Anche per le piccole e medie imprese dilaga la corruzione: il 20% paga le tangenti. Metà degli imprenditori ha ricevuto richieste di denaro e solo uno su dieci si è rivolto alle forze dell’ordine.
Per chiudere un lavoro da 100mila euro bisogna metterne almeno in conto 10mila da investire per oliare gli ingranaggi della burocrazia” afferma un imprenditore. Sono i piccoli appalti e le commesse minori la nuova frontiera della tangente. E’ quanto emerge da un’indagine dell’Adnkronos: 5 pmi su 10 hanno rifiutato almeno una richiesta di denaro per concludere un affare nel corso dell’ultimo anno; 2 imprese su 10 ammettono di aver pagato una tangente, sotto una qualsiasi forma; 4 su 10 pensano che possano essere costrette a farlo in futuro.
Significativo anche il dato che riguarda le mancate denunce: delle imprese che hanno ricevuto richieste di denaro, solo 1 su 10 si è rivolta alle forze dell’ordine. Altrettanto eloquente la rassegnazione degli imprenditori di fronte a quello che viene percepito come un ‘sistema consolidato‘: 8 imprese su 10 pensano che le proprie possibilità di chiudere affari sia influenzata da tangenti pagate da altri.
Il fenomeno è diffuso sia nelle contrattazioni tra privati sia nei rapporti con la pubblica amministrazione. Nel primo caso, le imprese si trovano spesso a dover pagare intermediari per vincere gare d’appalto improvvisate e condotte senza regole. Un fenomeno, questo, che viene segnalato in crescita rispetto al più tradizionale ricorso alla bustarella per tentare di pilotare gli appalti pubblici, che ha aumentato la sua diffusione tra quelli di importi ridotti, abitualmente ‘frequentati’ dalle piccole e medie imprese.

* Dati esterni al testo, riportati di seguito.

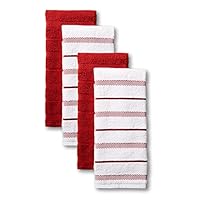 KitchenAid Albany Kitchen Towel Set 4-Pack 16"x26", Passion Red/White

Uno tra gli imprenditori che ammette di aver pagato per ottenere lavori accetta di parlare con l’Adnkronos della sua esperienza, ovviamente dietro assicurazione di anonimato. Le tangenti, spiega, “non sono più solo quelle di una volta, anche se la bustarella per corrompere l’ufficiale pubblico resiste ancora”. Quasi sempre, soprattutto per le imprese più piccole, si tratta di corruzione di basso livello, che coinvolge il geometra del piccolo comune o il responsabile della sicurezza di un cantiere. Per non parlare dei vigili urbani. “Per chiudere un lavoro da 100mila euro bisogna metterne almeno in conto 10mila da investire per oliare gli ingranaggi della burocrazia”, sintetizza l’imprenditore.

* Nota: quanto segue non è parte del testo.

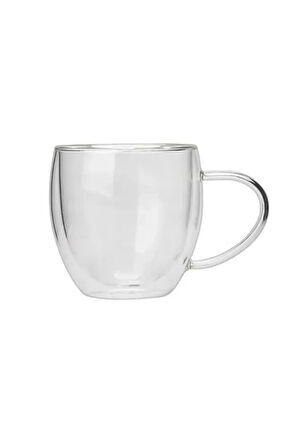 Yeni Tasarım Çift Cidarlı 250 ml Kulplu Cam Kupa, Çay Neskafe Fincanı, Çeyiz Listesi, 6 Adet 2037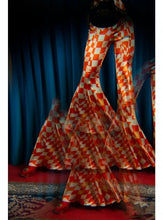 Load image into Gallery viewer, Fleet Flares in Labrynth Print on Silk Satin by Klements - ShopCurious
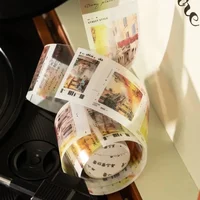 1Roll 2M Tape PET Vintage Handbook DIY Decoration Loop Stickers Tapes Diary Scrapbook cut 40mm*2m Age Gramophone Series 1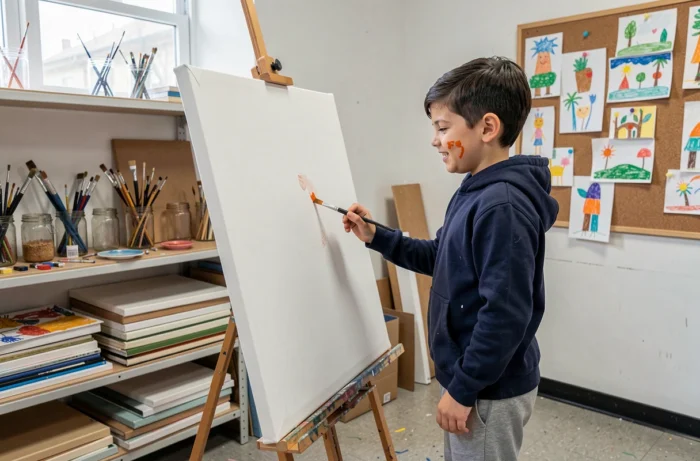 Garçon de 9 ans peignant avec enthousiasme dans un atelier créatif, symbolisant le développement artistique et l'épanouissement de l'enfant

Un’altra forma sempre più diffusa di corruzione, prosegue, è quella che riguarda l’intermediazione per ottenere appalti e commesse: “si pagano vere e proprie commissioni, spesso anche ad altre imprese, che girano lavori, concedono subappalti e gestiscono anche micro gare senza alcuna regola o garanzia”.
E, allora, perché non denunciare e chiedere legalità? La risposta è rassegnata. “Perché da solo non puoi cambiare nulla, ottieni un solo risultato, spesso irreversibile: non lavori più”. Questo, fa notare l’imprenditore, “senza considerare tutti i rischi, personali e per l’azienda, per eventuali ritorsioni”. Perché, spiega, “l’altro aspetto che si sottovaluta è che la corruzione è spesso strettamente legata a fenomeni e comportamenti malavitosi”.